Building Capacity in the Gym

How many get stuck in a cycle of fitness burnout.

Benjamin Thornton

12/19/20252 min read

Working on Capacity

Life is experienced through the filter of your physical and mental capacity. The most mundane tasks can become dangerous when we lack capacity, while the most beautiful settings can be thickly painted over by pain. Thankfully the opposite is true: stressful, high stakes, physically demanding situations can be handled smoothly and sustainably when our mind and body have the resources to work together.

Exercise is supposed to improve the health and capacity of our mind and body. But for many, exercise has become something to help “blow off steam”, improving the way we feel for a short amount of time until the steam builds again. We use all our capacity again and again, without balancing the usage with activities that give us a higher baseline capacity to start with.

Fitness enthusiasts can get stuck in a cycle of exhausting themselves, resulting in injuries or burnout leading to large decreases in activity until they recover enough to "train hard" again. Ups and downs are inevitable in life and on the road to progress, but we can learn how to ride these more smoothly and stop taking on mountains that are too steep for us currently.

Learning to be active against stress is what drives adaptation, so exercise is mandatory for building capacity. What goes wrong with exercise is that the type and amount of stress applied to the body does not take into account its current state and capacity, and it revolves around learning to do more instead of learning how to do it more efficiently.

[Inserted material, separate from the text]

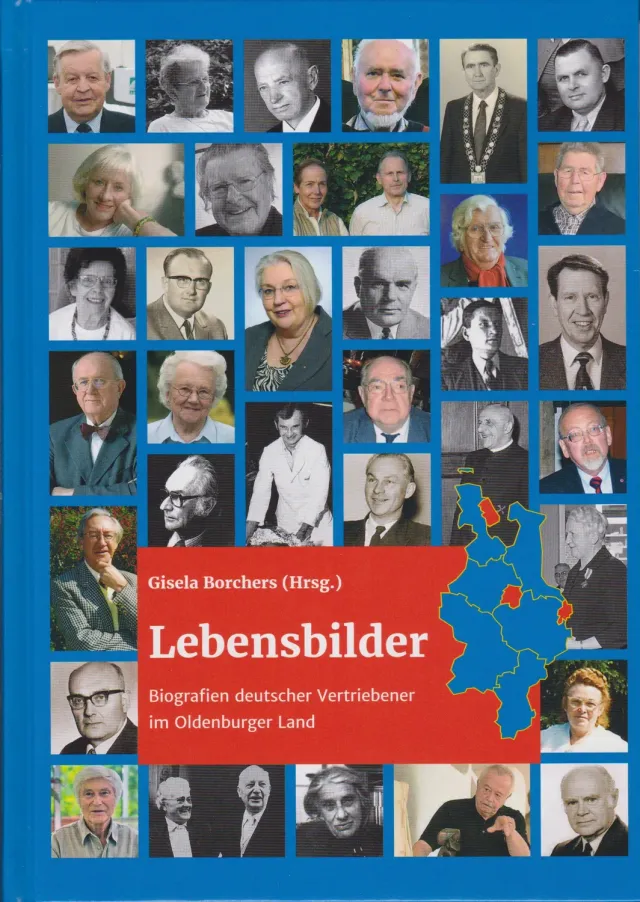 Isensee Literatur Lebensbilder Buch Vertriebene Oldenburg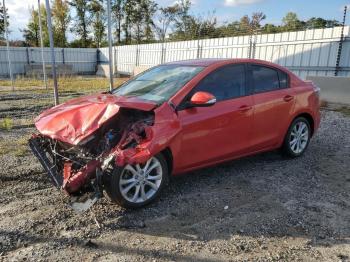  Salvage Mazda Mazda3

The time you invest into caring for your health will yield the most rewards when it’s treated as an important time for self-reflection and development. There’s often, unfortunately, a lack of learning in one’s fitness journey, as the focus becomes exerting sheer willpower in familiar ways to achieve a predetermined outcome. There’s a belief in the myth of a straight line when it comes to both fitness improvements and injury recovery. Many have discovered that to be far from the truth in their situation.

Having access to passive self-care like massage and chiropractic can be great for supporting healing, as they give people the permission and space to lay down and rest. But many end up relying on these to keep their bodies from falling apart and have yet to learn how to build themselves up to have the capacity for independence. The cycle of feeling good after an adjustment for a short time and then struggling to make it to your next appointment is not one you want to be stuck in.

The most sustainable progress will come when you find the right doses of challenge that you can perform consistently, while allowing enough recovery time in between.